**TASK PROMPT**.
Before copying, set the images aside; then transcribe every entry below exactly.

(Dataset records)
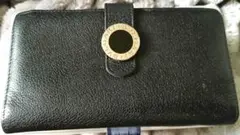 (お値下げ中)ブルガリ 黒 レザー 二つ折り財布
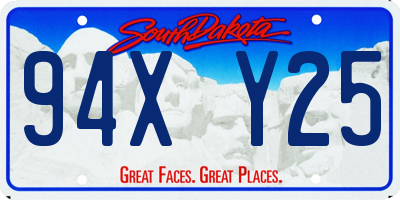 SD license plate 94XY25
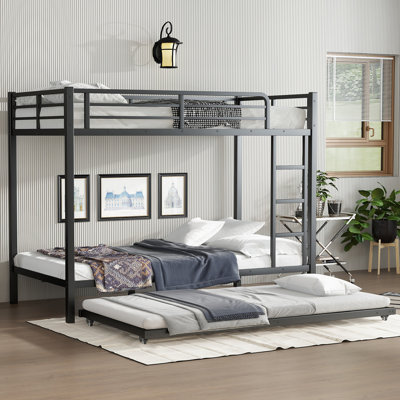 Metal Bunk Bed with Trundle by 17 Stories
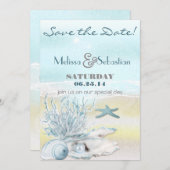 ドリームショアビーチブルーウェディングザデイト セーブザデート (正面/裏面)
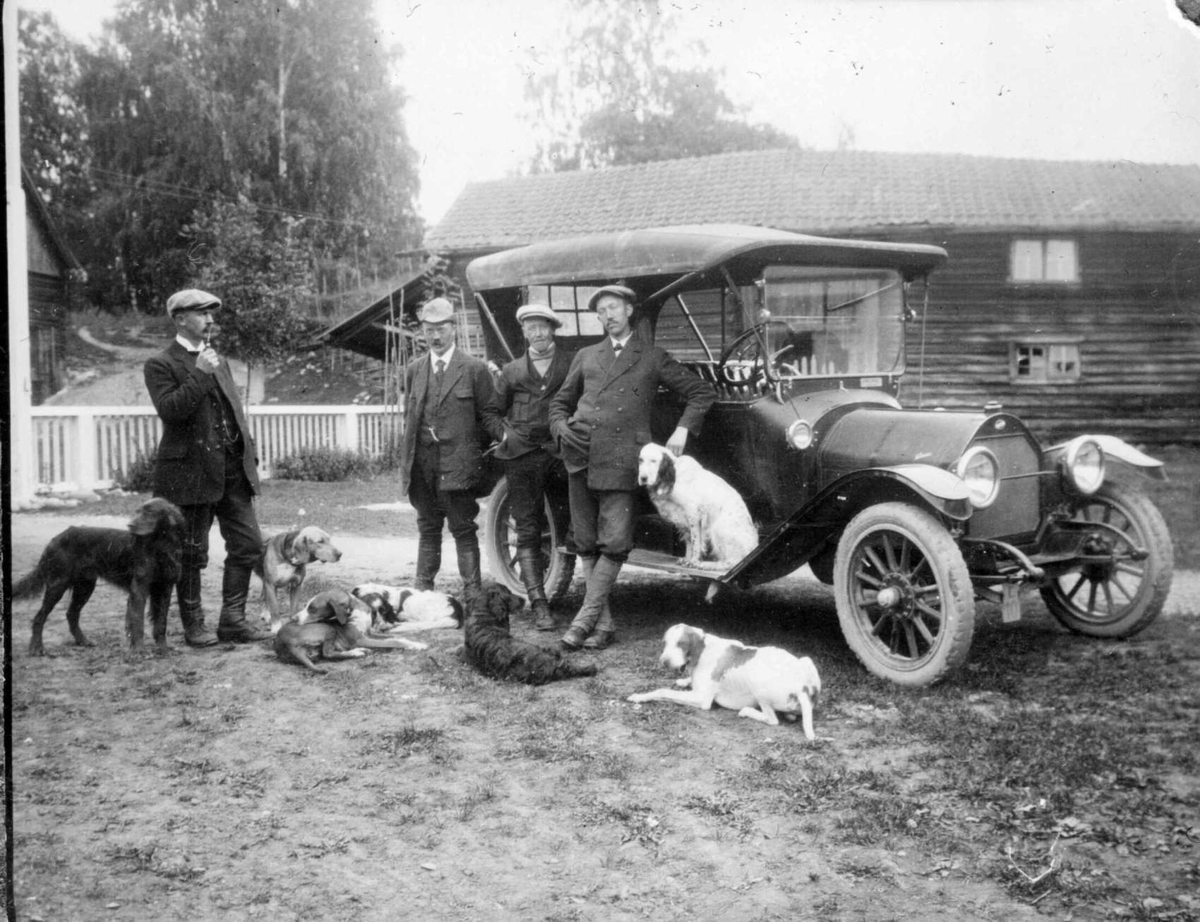 Repro: Fire menn med 7 hunder samt bil.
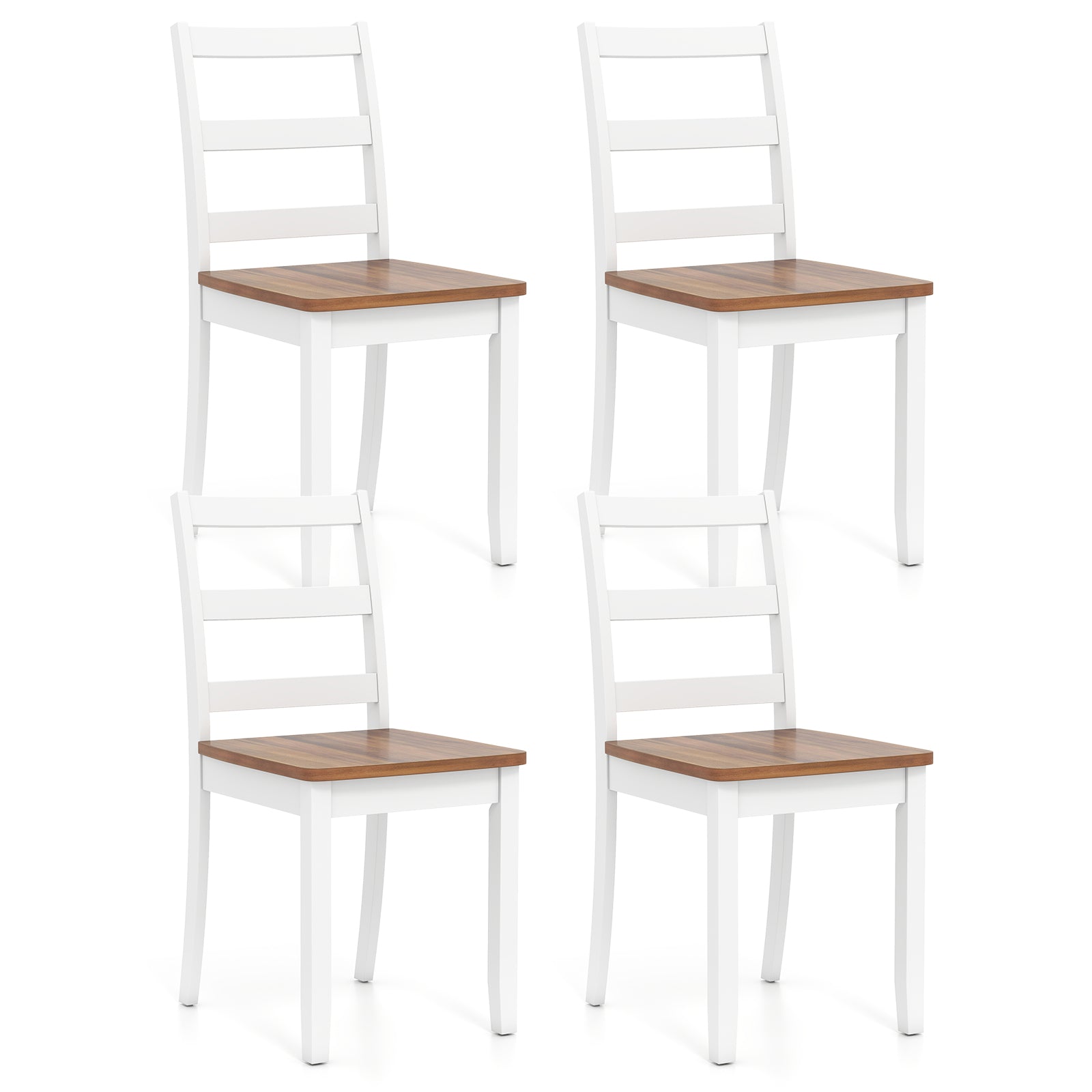 Wood Dining Chairs, Set of 4, Solid Rubber Wood Legs, Brown Dining Chairs Rustic Brown at Gallery Canada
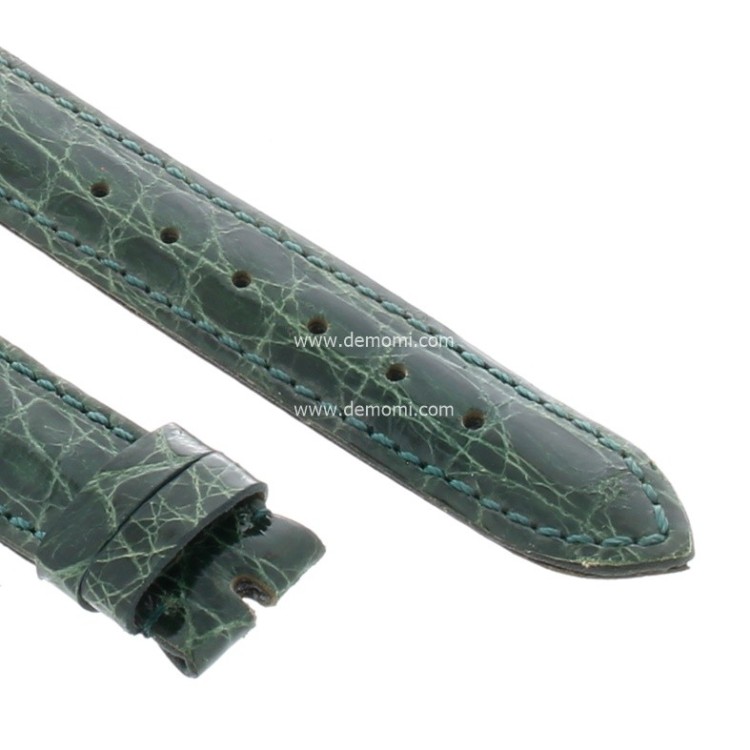 Zenith Cinturino Coccodrillo Verde  16/14 mm cucito piatto spessore 2,5/3 mm lunghezza 75/115 mm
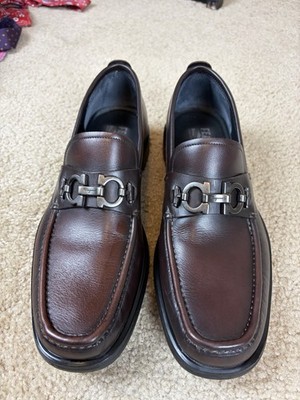 MENS SALVATORE FERRAGAMO  DAVID  DARK BROWN GANCINI BIT MADE IN ITALY LOAFERS 8D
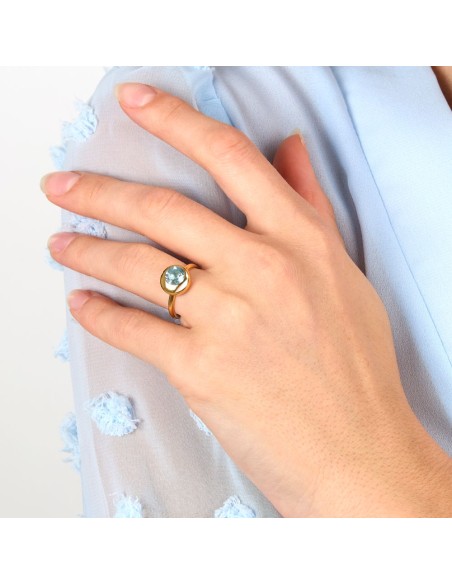 Morellato Tesori Eterni Anello Donna Dorato Pietra Blu (SAXN24)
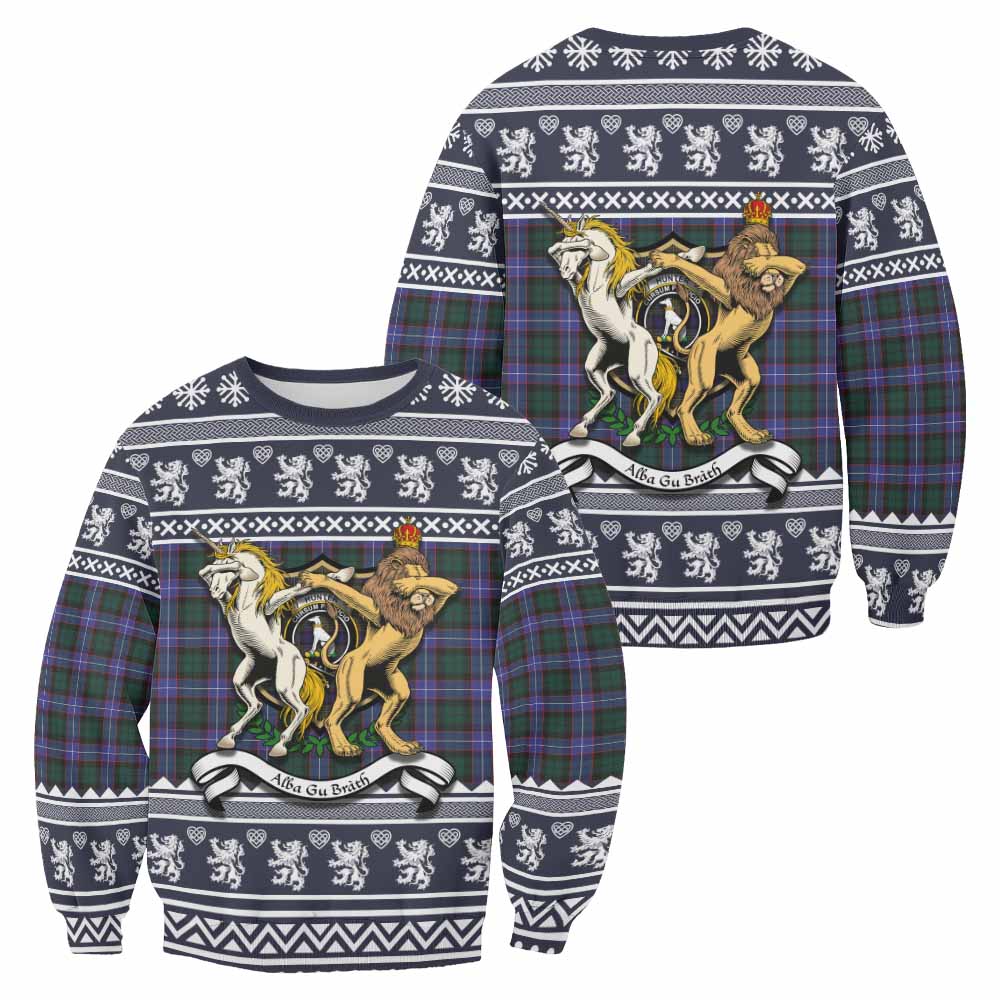 Hunter (Hunterston) Clan Tartan Crest Christmas Sweatshirt Coat of Arms Funny Style - Tartan Vibes Clothing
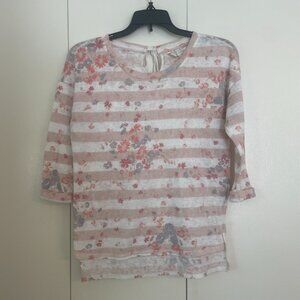 XS Lauren Conrad ¾ Sleeves Pink and White Striped Knit Floral Shirt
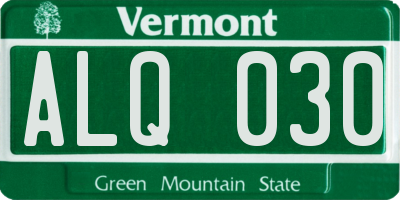 VT license plate ALQ030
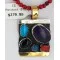 Handmade Navajo .925 Sterling Silver 12kt Gold Filled Multicolor Turquoise Sujulite Onyx Lapis Coral Native American Necklace 24339-1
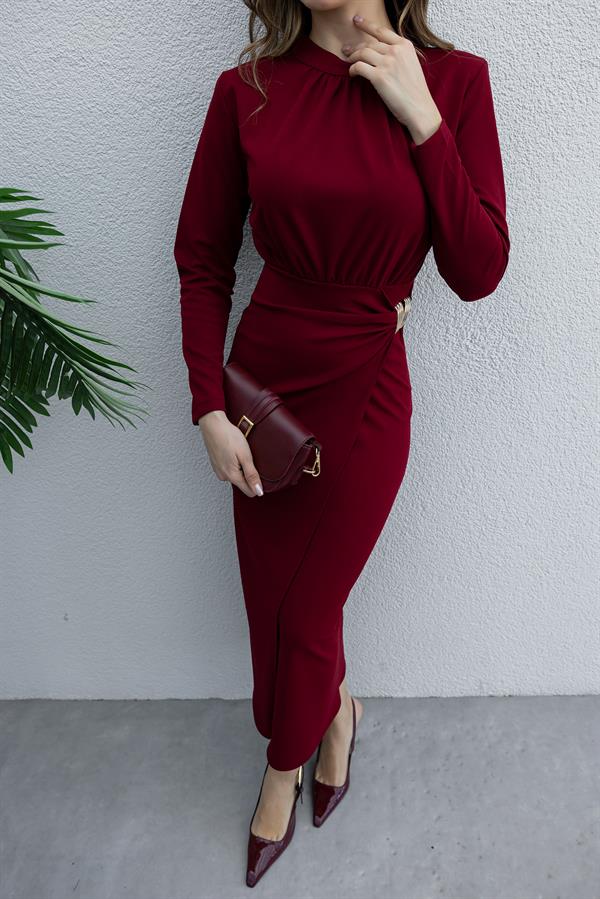 Drape Detay Broşlu Elbise - BORDO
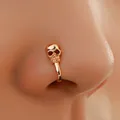 Non-piercing U-shaped skull nose ring cuff in polished rose gold finish for women - Gold Skull (8783)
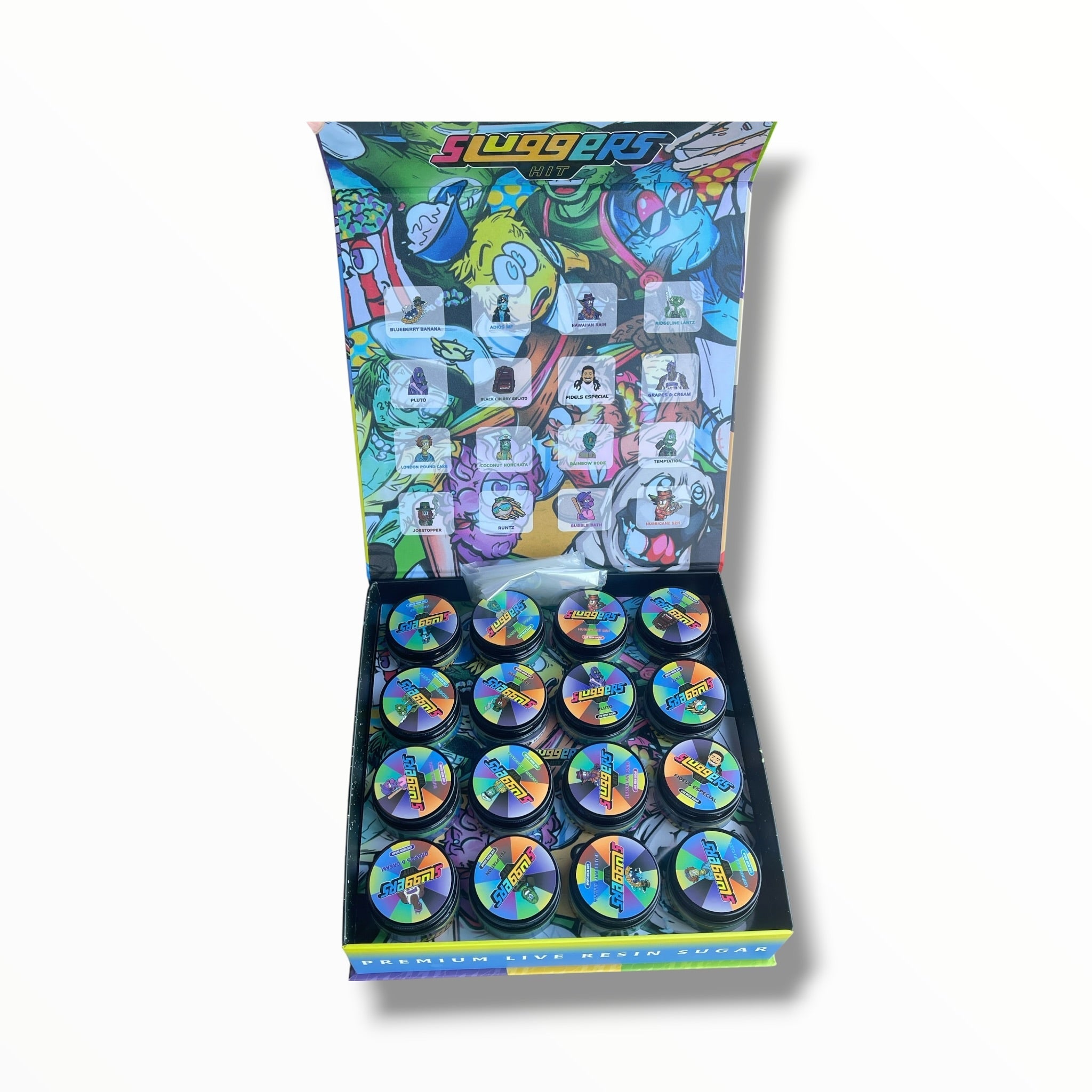 Sluggers Hit 16-1oz Jars in a box Mixed Strains Variety Pack- Empty packaging only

**WRITTEN REPLY**.
 (お値下げ中)ブルガリ 黒 レザー 二つ折り財布
 SD license plate 94XY25
 Metal Bunk Bed with Trundle by 17 Stories
 ドリームショアビーチブルーウェディングザデイト セーブザデート (正面/裏面)
 Repro: Fire menn med 7 hunder samt bil.
 Wood Dining Chairs, Set of 4, Solid Rubber Wood Legs, Brown Dining Chairs Rustic Brown at Gallery Canada
 Zenith Cinturino Coccodrillo Verde  16/14 mm cucito piatto spessore 2,5/3 mm lunghezza 75/115 mm
 MENS SALVATORE FERRAGAMO  DAVID  DARK BROWN GANCINI BIT MADE IN ITALY LOAFERS 8D
 Morellato Tesori Eterni Anello Donna Dorato Pietra Blu (SAXN24)
 Hunter (Hunterston) Clan Tartan Crest Christmas Sweatshirt Coat of Arms Funny Style - Tartan Vibes Clothing
 XS Lauren Conrad ¾ Sleeves Pink and White Striped Knit Floral Shirt
 VT license plate ALQ030
 Handmade Navajo .925 Sterling Silver 12kt Gold Filled Multicolor Turquoise Sujulite Onyx Lapis Coral Native American Necklace 24339-1
 Drape Detay Broşlu Elbise - BORDO
 Non-piercing U-shaped skull nose ring cuff in polished rose gold finish for women - Gold Skull (8783)
 Sluggers Hit 16-1oz Jars in a box Mixed Strains Variety Pack- Empty packaging only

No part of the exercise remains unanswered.